As parishioners gathered at St. Bernadette's Catholic Church in Fall River their thoughts and prayers were thousands of miles away in Rome with their former pastor.
"I'm praying for him," said Carol Kalif. "Especially today at mass. I will."
O'Malley, now Boston's Archbishop, is of 115 cardinals who will vote for the new Pope. It was just a week ago when he joked around with reporters about his chances at the Papacy saying, "I have bought a round trip ticket, so I'm counting on coming home." Now with the start of the conclave just days away it seems like anything is possible.
O'Mallelys' name has repeatedly been mentioned by the Italian press-- pointing to him as one of the men with a good chance of being the next Pope.
"I wouldn't necessarily bet the farm on it, but anything is possible," said Msgr. Anthony Mancini of the Providence Diocese.

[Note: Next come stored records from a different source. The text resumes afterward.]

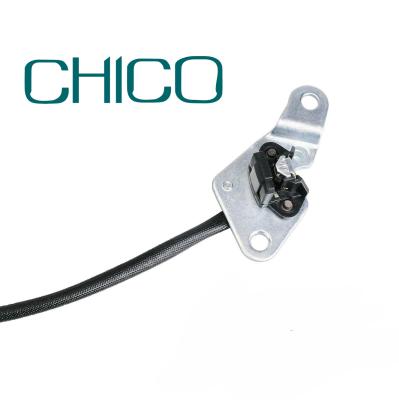 China CHICO Car Cam Sensor For 0281002163 46432103 93179513 BOSCH FIAT OPEL GM Te koop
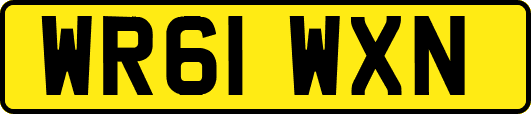 WR61WXN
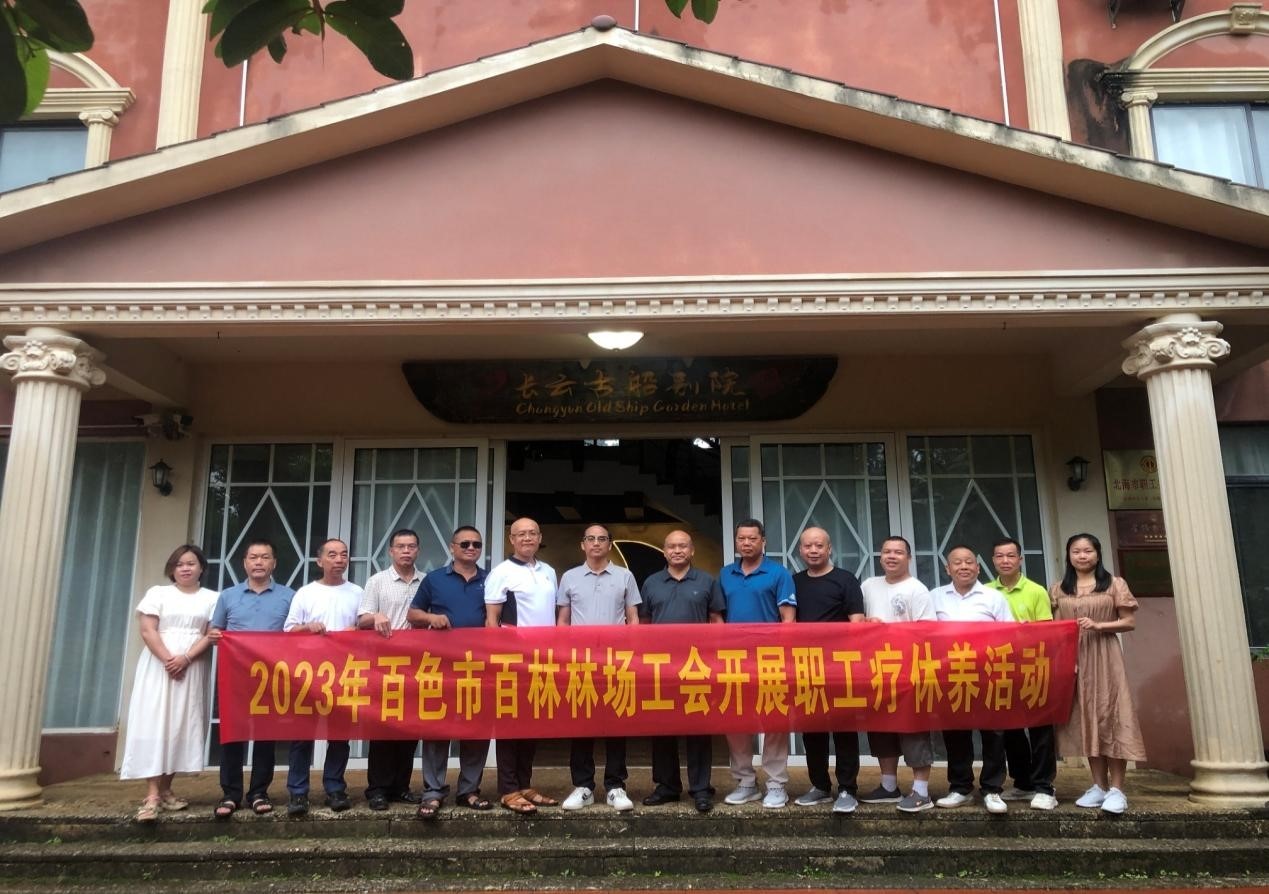 图片 1_副本.jpg
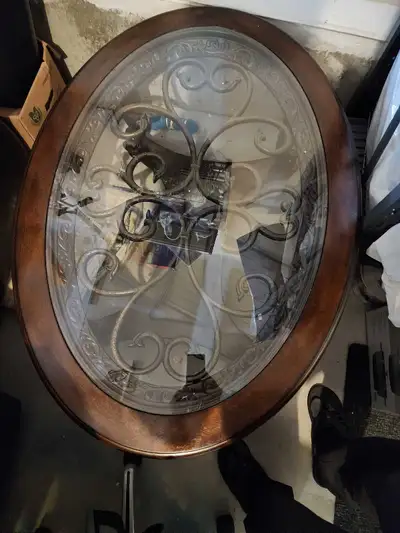 central Cofee Table , View more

The Monsignor says it is unlikely that the next Pontiff will be an American, though he does believe O'Malley has the right appeal
"This man is holy. He's dealt with the sex abuse scandal in 3 dioceses. He preaches well. He speaks 6–7 languages...and I mean fluently," said Msgr. Mancini.
Still religious leaders here at home know it's a long shot. There has never been a Pope from the United States.
"He certainly could do it, but the challenges are immense. The pressures are immense...for any body," said Msgr. Mancini.
The first vote is scheduled for Tuesday night. It could take several days before a new Pope is selected.